2. Premium Growth & Underwriting Trends
Premiums are anticipated to grow in the mid-to-high single digits annually, driven largely by demand for protection—especially against natural catastrophe and cyber risk—and by rate-adjustments in property, motor, and commercial lines that exceed general inflation. Underwriting discipline is tightening, especially in catastrophe-exposed portfolios, supported by heightened risk awareness and cost pressures from repair and supply chains.
3. Reinsurance & Capital Resilience
The NZ market remains heavily reliant on international reinsurance, given its exposure to natural perils. Reinsurers have provided increased capacity and more moderate pricing, especially in lines not recently hit by disasters, and the benign catastrophe experience over recent years has helped stabilize reinsurer pricing globally; nevertheless, reinsurers’ costs and capacity constraints still pose risk to primary insurers’ margins. Capital buffers remain robust—claims from major weather events (e.g. Auckland floods, Cyclone Gabrielle) have been absorbed without systemic strain, and insurers have been able to rebuild reserves in quieter catastrophe years.

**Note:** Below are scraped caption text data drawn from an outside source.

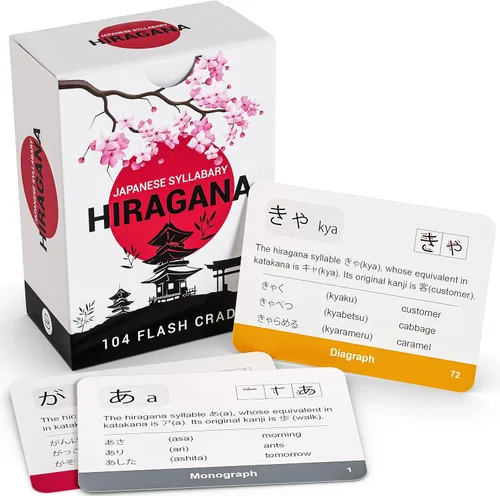 Tarjetas flash japonesas Hiragana para niños y adultos – 104 tarjetas de aprendizaje del alfabeto con imágenes y orden de trazo – Ayuda de estudio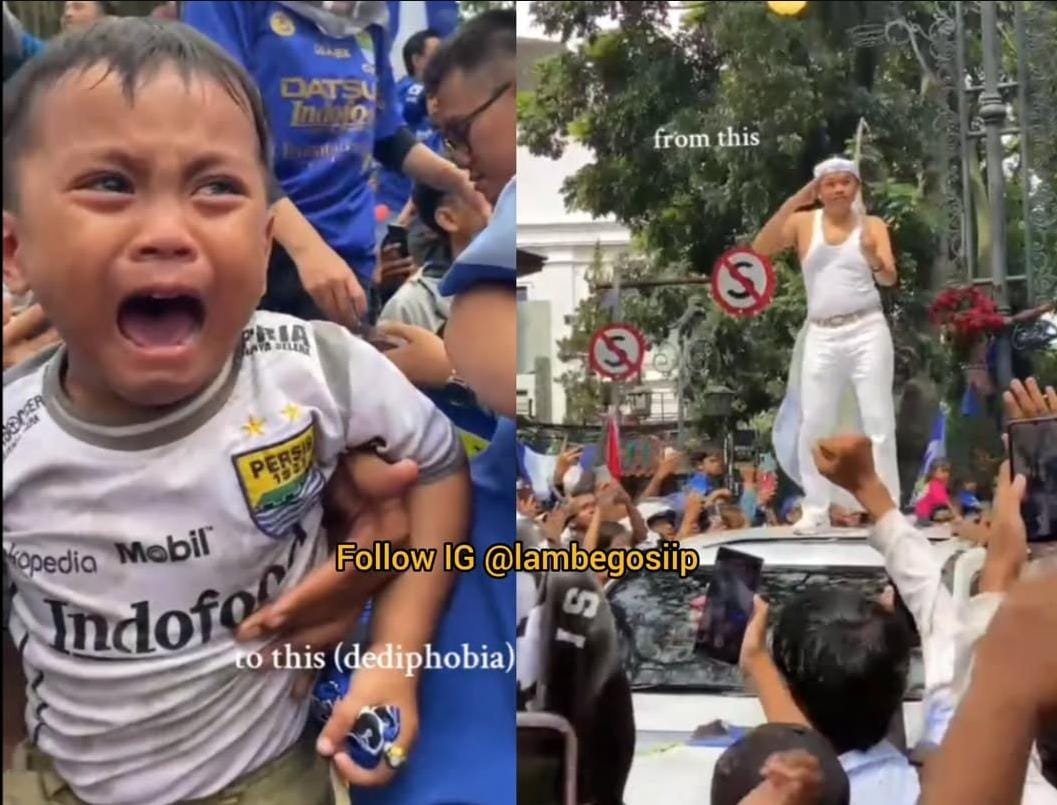 Viral seorang anak kecil menangis melihat Dedi Mulyana secara langsung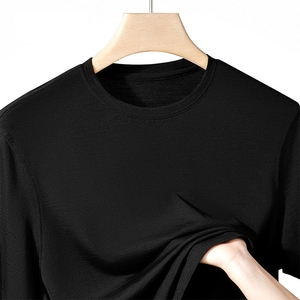 High-end 7A Antibacterial Breathable Men's Short Sleeve T-Shirt 100% Australian Merino <b>Wool</b> Four-Way Stretch Summer Comfortable - Product Image 4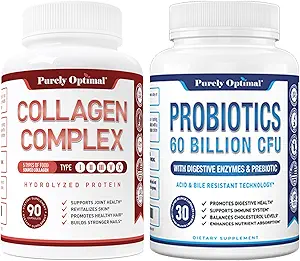 Purely Optimal Premium Multi Collagen Peptides Capsules (Types I, II, III, V, X) + Premium Probiotics 60 Billion CFU with Organic Prebiotics & Digestive Enzymes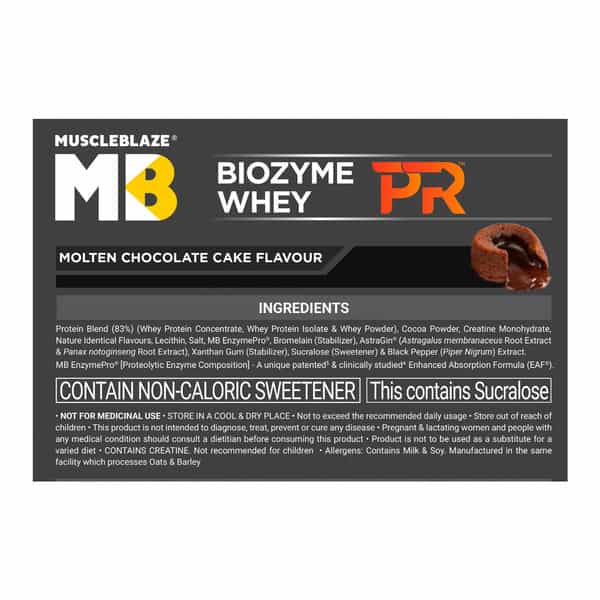 Muscleblaze Biozyme Whey Protein Pr With 30G Protein | Molten Chocolate Cake (2Kg Refill Pack)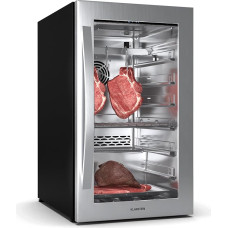 Klarstein Tyre Cabinet, 88L Meat Maturity Cabinet with Temperature & Humidity Control, Antibacterial UVC Lighting, Touch Control Panel, Double Glazed Door, Ideal for Home & Catering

4. Operational & Climate Challenges
Significant investment is required to meet regulatory expectations (e.g. clearer contract wording, data infrastructure, claims fairness), which are increasing operational complexity and cost. In the near term, such costs are eroding profitability, with payoffs expected over longer horizons. Climate risk remains a persistent concern—both due to its increasing frequency and severity of natural perils, and the implications for underwriting, pricing, and reinsurance costs. The sector’s exposure to climate events (and the potential for large losses) will continue to test insurers’ resilience.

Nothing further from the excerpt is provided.